Vanilla, often considered the “plain Jane” flavor in the ice cream world, actually has a very exotic origin.
Vanilla extract is derived from the seed pods of the vanilla orchid. After a lengthy process of curing and fermentation, the seed pods (often called “beans” because of their resemblance to string beans) are dried, and then, usually with alcohol, an extract is made.
Put the vanilla beans in a pint glass jar or bottle and cover them completely with vodka. Screw on the lid or cap.

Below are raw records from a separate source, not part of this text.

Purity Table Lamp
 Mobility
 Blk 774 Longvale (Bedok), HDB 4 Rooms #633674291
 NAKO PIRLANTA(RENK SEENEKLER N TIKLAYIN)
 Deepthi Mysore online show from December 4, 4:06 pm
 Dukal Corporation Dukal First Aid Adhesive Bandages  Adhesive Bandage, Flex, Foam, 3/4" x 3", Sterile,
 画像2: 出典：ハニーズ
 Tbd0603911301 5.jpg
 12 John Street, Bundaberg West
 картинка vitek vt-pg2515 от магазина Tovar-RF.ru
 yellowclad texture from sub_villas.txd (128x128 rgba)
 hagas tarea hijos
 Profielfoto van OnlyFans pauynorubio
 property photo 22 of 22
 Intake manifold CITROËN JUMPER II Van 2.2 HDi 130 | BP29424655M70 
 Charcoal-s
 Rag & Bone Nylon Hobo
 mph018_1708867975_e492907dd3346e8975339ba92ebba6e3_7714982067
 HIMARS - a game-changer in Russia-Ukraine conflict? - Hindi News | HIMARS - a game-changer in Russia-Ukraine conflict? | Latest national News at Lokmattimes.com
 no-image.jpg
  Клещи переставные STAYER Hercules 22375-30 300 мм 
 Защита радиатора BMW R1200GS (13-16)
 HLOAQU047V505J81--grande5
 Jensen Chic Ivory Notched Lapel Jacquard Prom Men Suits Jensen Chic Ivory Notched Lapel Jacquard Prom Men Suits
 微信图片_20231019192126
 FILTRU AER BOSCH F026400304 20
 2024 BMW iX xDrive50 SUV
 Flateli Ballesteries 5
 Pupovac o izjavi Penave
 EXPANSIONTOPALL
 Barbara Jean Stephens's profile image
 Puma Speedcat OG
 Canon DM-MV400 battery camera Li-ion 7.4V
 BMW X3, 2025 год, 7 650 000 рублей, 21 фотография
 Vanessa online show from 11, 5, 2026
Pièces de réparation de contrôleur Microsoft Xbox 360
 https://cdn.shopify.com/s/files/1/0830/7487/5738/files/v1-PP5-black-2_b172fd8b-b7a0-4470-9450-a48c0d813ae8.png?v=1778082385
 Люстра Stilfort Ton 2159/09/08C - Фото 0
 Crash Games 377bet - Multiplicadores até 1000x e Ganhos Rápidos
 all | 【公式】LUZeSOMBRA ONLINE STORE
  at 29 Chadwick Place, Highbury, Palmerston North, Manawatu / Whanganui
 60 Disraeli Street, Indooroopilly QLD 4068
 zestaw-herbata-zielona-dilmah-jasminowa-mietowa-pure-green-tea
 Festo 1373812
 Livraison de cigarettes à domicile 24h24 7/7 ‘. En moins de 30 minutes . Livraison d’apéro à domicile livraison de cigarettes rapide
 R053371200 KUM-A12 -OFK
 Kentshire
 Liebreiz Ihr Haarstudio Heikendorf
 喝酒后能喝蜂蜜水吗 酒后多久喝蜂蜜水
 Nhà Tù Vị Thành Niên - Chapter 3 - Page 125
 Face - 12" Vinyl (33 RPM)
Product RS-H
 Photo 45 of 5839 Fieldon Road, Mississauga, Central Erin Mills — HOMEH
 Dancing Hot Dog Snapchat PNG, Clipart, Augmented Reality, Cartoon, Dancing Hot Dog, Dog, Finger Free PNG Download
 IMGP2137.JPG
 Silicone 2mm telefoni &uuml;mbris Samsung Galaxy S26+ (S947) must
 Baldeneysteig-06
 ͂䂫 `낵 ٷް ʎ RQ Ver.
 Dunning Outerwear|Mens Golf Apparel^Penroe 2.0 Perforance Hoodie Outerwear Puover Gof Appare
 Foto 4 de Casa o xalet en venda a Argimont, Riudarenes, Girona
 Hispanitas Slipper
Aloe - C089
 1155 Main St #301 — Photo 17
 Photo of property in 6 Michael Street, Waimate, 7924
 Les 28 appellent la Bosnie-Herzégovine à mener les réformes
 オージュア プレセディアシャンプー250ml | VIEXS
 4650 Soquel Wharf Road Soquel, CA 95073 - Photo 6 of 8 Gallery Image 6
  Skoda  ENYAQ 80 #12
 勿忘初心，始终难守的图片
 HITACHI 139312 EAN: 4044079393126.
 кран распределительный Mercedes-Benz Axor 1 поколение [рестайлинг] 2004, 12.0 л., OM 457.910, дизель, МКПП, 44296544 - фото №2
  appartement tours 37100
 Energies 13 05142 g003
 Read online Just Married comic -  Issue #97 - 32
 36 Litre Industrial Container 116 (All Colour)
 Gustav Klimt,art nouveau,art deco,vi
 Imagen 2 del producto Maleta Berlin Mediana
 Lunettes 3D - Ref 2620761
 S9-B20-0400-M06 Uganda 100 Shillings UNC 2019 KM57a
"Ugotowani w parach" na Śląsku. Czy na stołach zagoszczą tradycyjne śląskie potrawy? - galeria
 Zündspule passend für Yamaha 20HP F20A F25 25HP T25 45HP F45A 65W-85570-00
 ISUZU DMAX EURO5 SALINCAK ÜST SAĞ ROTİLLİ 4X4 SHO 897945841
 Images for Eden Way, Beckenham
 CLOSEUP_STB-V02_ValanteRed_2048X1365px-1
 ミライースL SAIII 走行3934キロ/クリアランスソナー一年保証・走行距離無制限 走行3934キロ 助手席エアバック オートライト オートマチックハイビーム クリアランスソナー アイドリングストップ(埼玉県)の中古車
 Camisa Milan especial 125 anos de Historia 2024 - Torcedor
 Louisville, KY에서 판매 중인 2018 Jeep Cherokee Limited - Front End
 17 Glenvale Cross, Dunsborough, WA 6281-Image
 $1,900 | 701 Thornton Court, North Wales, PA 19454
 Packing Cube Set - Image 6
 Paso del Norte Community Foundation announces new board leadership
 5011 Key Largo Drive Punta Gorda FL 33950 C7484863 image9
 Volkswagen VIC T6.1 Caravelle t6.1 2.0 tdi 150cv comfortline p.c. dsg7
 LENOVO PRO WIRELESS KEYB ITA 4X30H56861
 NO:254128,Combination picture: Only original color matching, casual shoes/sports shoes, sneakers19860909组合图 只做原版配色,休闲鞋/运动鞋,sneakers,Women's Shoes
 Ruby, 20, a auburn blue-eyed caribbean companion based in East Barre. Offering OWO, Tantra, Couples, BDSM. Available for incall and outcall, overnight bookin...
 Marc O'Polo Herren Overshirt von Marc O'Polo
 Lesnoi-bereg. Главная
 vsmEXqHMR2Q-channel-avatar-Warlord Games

Set the mixture aside in a cool, dark place to steep for at least 3 to 4 weeks (longer is better), shaking occasionally to combine.
Keeping the beans in the jar, you may use this homemade blend like any other vanilla extract. When the liquid gets below the level of the beans, just add more vodka.
Cheri notes that you can usually get three or four bottles of extract from the two vanilla beans. If you choose, you can add sugar or a sweetener like agave nectar to the extract to soften the flavor of the alcohol.
Alcohol-free homemade vanilla extract recipe
While alcohol’s chemical properties make it the perfect liquid to bring out the aroma and flavor of the vanilla, some people prefer to have their extract alcohol-free.
Here’s a recipe for a substitute version. Spoon for spoon, it might be a little less aromatic than its alcoholic counterpart, so you might choose to use a little extra.
Place the sliced vanilla bean pods in a pint glass jar or bottle, and cover them completely with the food-grade vegetable glycerin. Screw on the lid or cap. Set the mixture aside in a cool, dark place to steep for at least 3-4 weeks, shaking occasionally to combine.
Keeping the beans in the jar, you may use this homemade blend like any other vanilla extract. When the liquid gets below the level of the beans, just add more glycerin. Add in more bean pods (with or without seeds) as you like — perhaps after using the seeds in other recipes.